Live at Leeds: 40th Anniversary Super Deluxe Collectors Edition

(Geffen/Universal; US: 23 Nov 2010; UK: 15 Nov 2010)

1


Not only is Live at Leeds an essential document of the Who’s vehement live show, it’s also the band’s finest album. Recorded on Valentine’s Day 1970 at Leeds University in England, the original six-song LP showcased the band at their “Maximum R&B” primal best. The recording is at once a vital illustration of how their sound served as the blueprint for 1960s garage rock, and how it also laid the groundwork for punk and heavy metal. From the opening salvo “Young Man Blues” to the one-two punch that is the encore—a sprawling 16-minute “My Generation” and the amphetamine-fueled ride of “Magic Bus”—Nik Cohen wasn’t treading on hyperbole in The New York Times when he called it the “best live rock album ever made.”  To commemorate the 40th anniversary of the live opus, Geffen/Universal has released a Leeds cornucopia: the previously available show in its entirety on two CDs, a vinyl reproduction of the original six-track album, a seven-inch single of “Summertime Blues/Heaven & Hell”, and the Who’s subsequent show at Hull.
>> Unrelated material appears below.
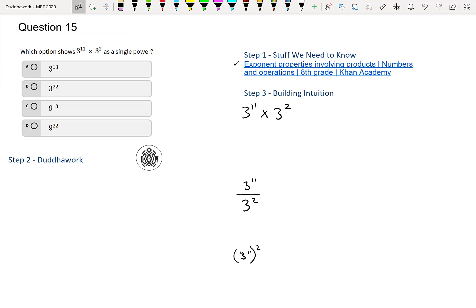Just a little bit about exponent properties: when we have a to the m times a to the n, what do we do? We add the exponents. That's the main rule here — we add the exponents.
Yes, Live at Leeds has been reissued a number of times, with more and more in-between song banter tacked on, and the latest release still places the setlist out of order (i.e., the Tommy set takes up the entire second CD, when in reality “Summertime Blues”, “Shakin’ All Over”, “My Generation”, and “Magic Bus” were played after the rock opera). But the shining nugget of the reissue is the Hull performance. Previously unreleased, the show was played the night after Leeds—and was the set the band originally intended to release as a live album—but technical issues, including the absence of John Entwistle’s bass lines on the reel recording, forced them to put out the Leeds show instead (his bass parts were pulled from Leeds to complete Hull’s first four tracks). And while Live at Leeds is the more extraordinary set of the two, Live at Hull is nearly as mesmerizing. Taken together, the recordings are some of the boldest statements ever made on the transformative power of rock music.